### Exercise instructions
Find the line containing "1970 Ford Mustang Mach 1". Retype it and every later line of the records exactly, leaving out pictures.

### Data provided
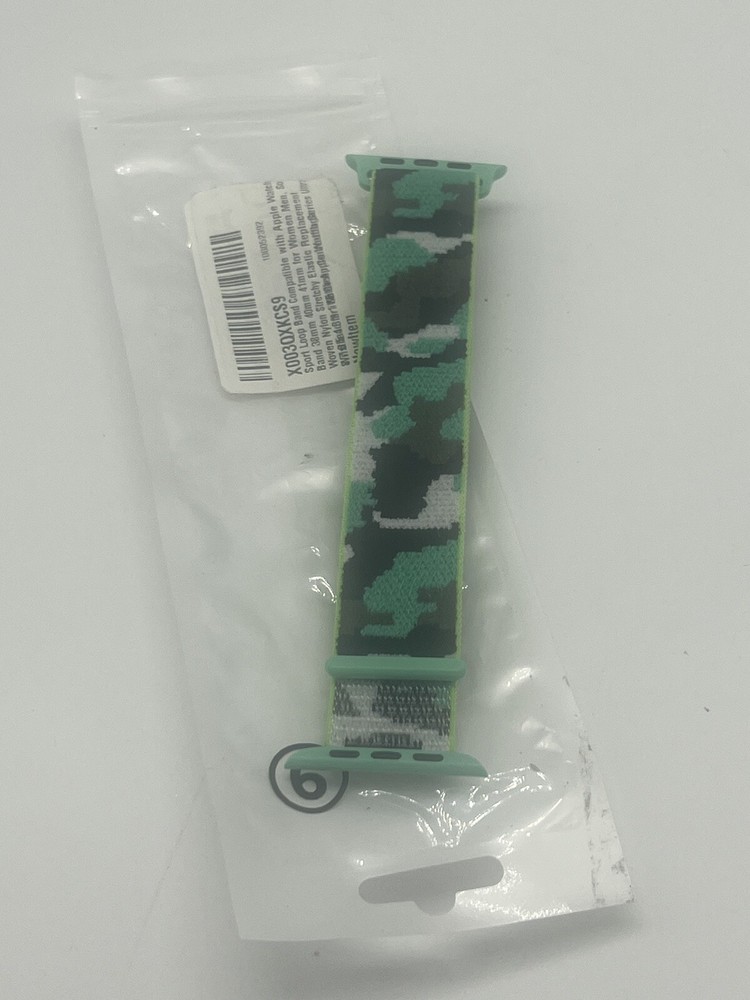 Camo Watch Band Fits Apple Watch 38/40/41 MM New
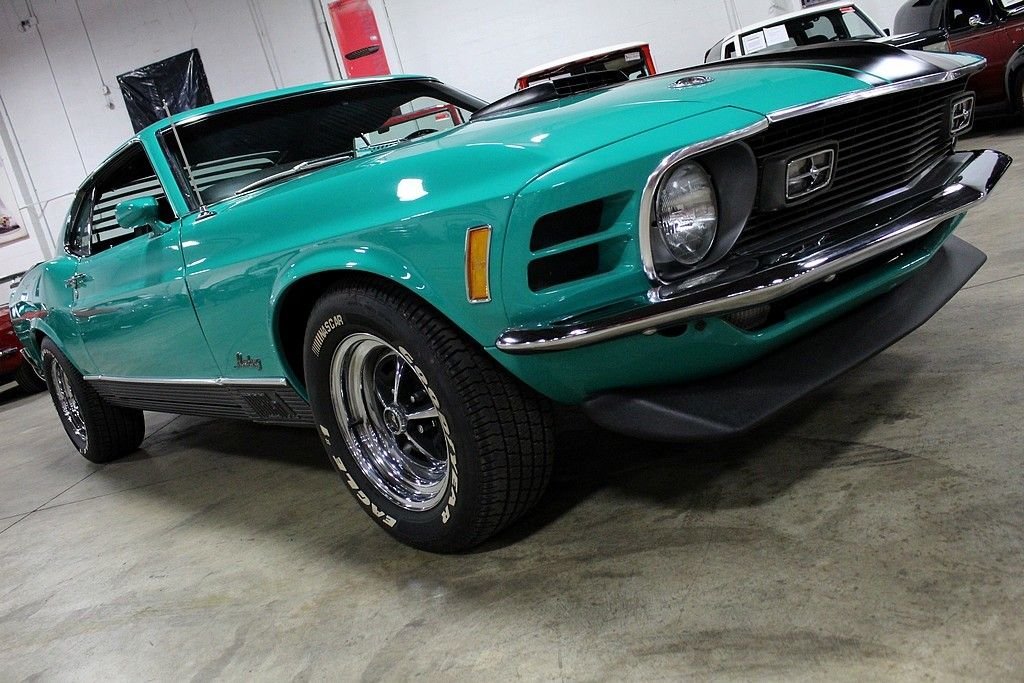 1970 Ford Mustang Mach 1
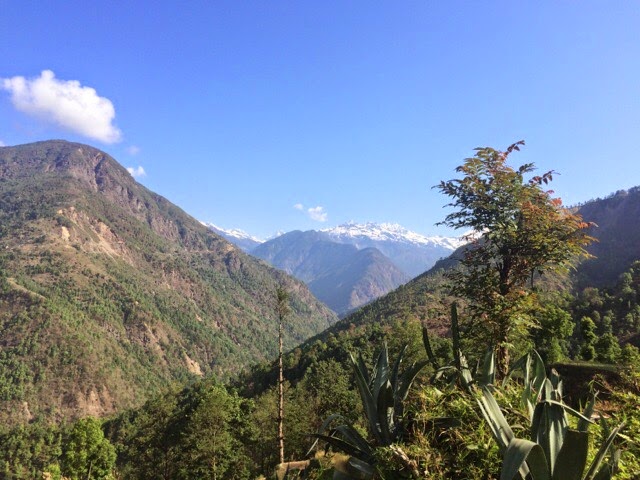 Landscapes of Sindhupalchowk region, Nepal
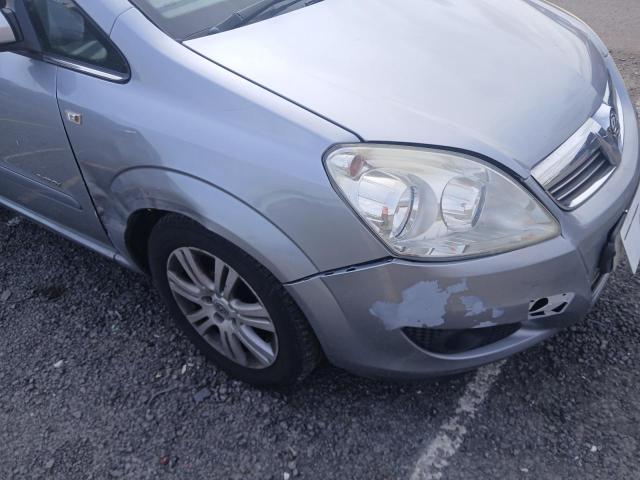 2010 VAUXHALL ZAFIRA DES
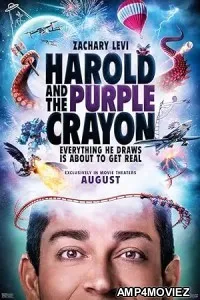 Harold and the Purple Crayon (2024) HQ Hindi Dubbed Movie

### Written response
 1970 Ford Mustang Mach 1
 Landscapes of Sindhupalchowk region, Nepal
 2010 VAUXHALL ZAFIRA DES
 Harold and the Purple Crayon (2024) HQ Hindi Dubbed Movie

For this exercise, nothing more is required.